Thursday, October 9, 2008

PANIC: Dow Falls 678.91 to 8579.19

The Dow Jones Industrial Average, the most revered index on the planet, has been bruised and battered to a shell of its former self over the past month.

On September 8, the index closed at 11,510.74. A month later - just 23 trading days - it is nearly 3000 points lower, a decline of 25.5%, much of it occurring in just the past seven sessions.

From its high a year ago at 14,250, the Dow is now down a full 40%, with the other major indices in similar straits.

While the Dow is a narrow measure of only 30 "blue chip" stocks, the broadest measure, the NYSE Composite Index, is off 44% from its closing high of 10,301.49. These are 5-year lows, comparable to levels in 2003, when the economy was still recovering from the triple blows of the dotcom bust, 9/11 and a serious, though short, recession.

It is as though the last four years never existed. Many on Wall Street are today wishing that we could go back to 1999, when the biggest concern was whether computers and clocks would still be functioning when the clock struck 12:01 on January 1, 2000.

While the Y2K scare turned out to be more hype than holocaust, there's no denying the rapid descent of stocks and the seriousness of the amount of capital destroyed over the past 12 months. It's in the trillions of dollars just in the US, and worldwide, probably close to the order of $30-$50 trillion.

Dow 8,579.19 -678.91; NASDAQ 1,645.12 -95.21; S&P 500 909.92 -75.02; NYSE Composite 5,809.96 Down 496.39

Still, most of us have not seen any clear indication in our day-to-day lives of the collapse of financial stability.
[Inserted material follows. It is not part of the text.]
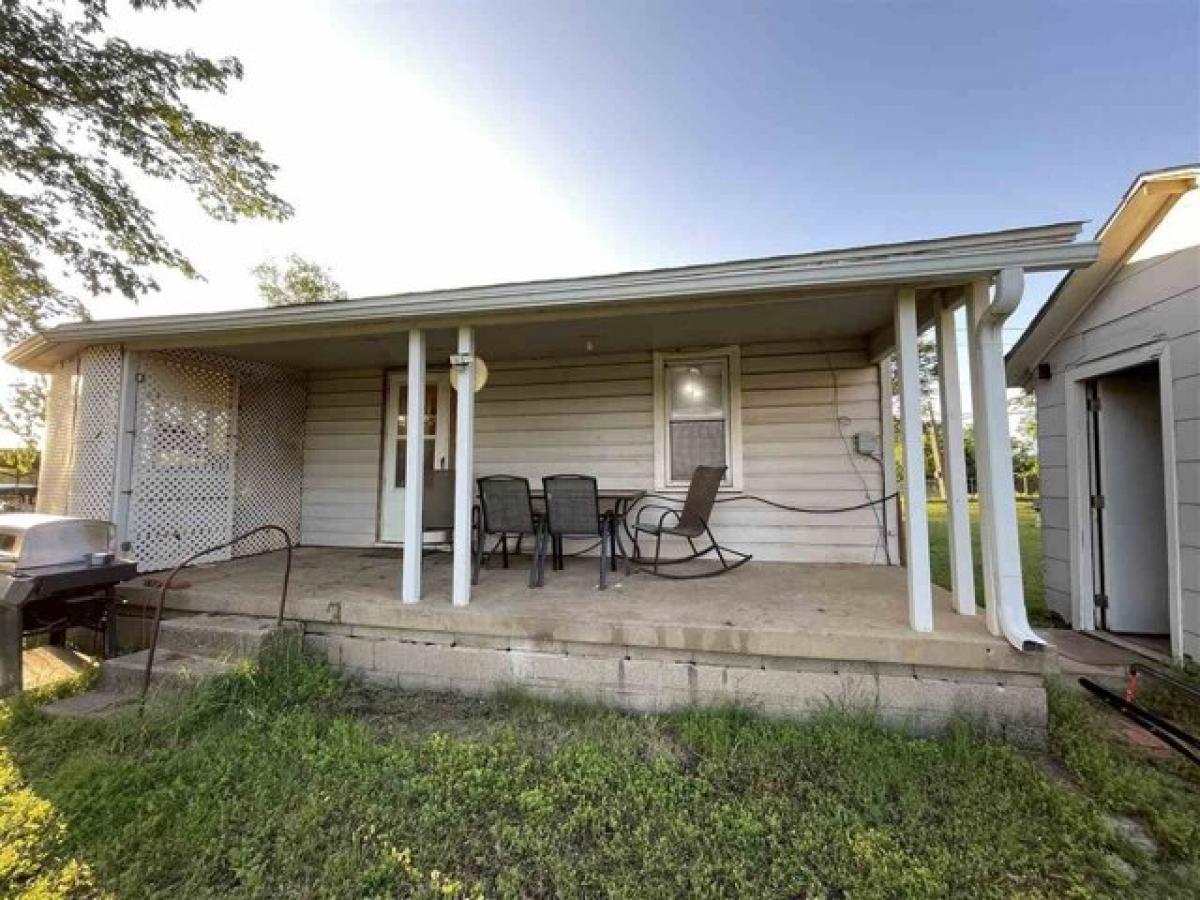 Picture of Home For Sale in Cushing, Oklahoma, United States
People are still driving around, going to work, getting paid and continuing pretty much as normal. The damage has been to investments, pension funds and 401 k plans. Also, people saddled with debt, especially those who bought homes at inflated values over the past 4-6 years and now have a mortgage worth more than the home they live in, are feeling pinched and afraid.

It is likely, if this crisis continues and "trickles down" to mainstream businesses and the general population, that a robust round of layoffs could be weeks or months away.

The real fear now is that pension funds of all kinds - corporate, municipal and state-run - could be caught in the downdraft and unable to meet their full obligations to retirees. if that unpleasant scenario occurs in many areas, we then will be facing the next great depression.

Thursday's selling was prompted by little more than an exaggerated level of fear. While indexes in the Far East and Europe were mostly lower, the US markets were battered far beyond the levels in other parts of the world.

Market internals were once again dreadful, with declining issues outpacing advancers, 5731-771, an 8-1 margin. There were 2857 new lows and just 13 new highs. According to that measure, this is not yet over, though one has to wonder just how the downturn can be any more severe.

Volume was once again quite elevated as the panic selling feeds upon itself. One particular item which may have caused part of today's decline was the lifting of the ban on short-selling financial stocks.

NYSE Volume 2,013,890,000
NASDAQ Volume 2,989,760,000

Commodities markets fared better, but still suffered losses overall. Oil slipped another $1.81 to $86.62. Gold fell $20.00, to $886.50. Silver gained 10 cents to $11.88.

While I had expected the bottom to form around 9500, I suppose, in hindsight, that after being entirely bearish for the last 14 months, I became bullish too quickly. I am continuing to reassess my position and today must admit that further losses in the stock market will undeniably lead to the most dire consequences.

We are likely months away from any resolution to the current condition. Despite the world's governments and central banks best efforts, more bank failures are on the horizon. The next shoe to fall after that will be announcements of massive layoffs by some of the world's leading companies. Today's extended declines puts the entire state of affairs in a more tragic perception.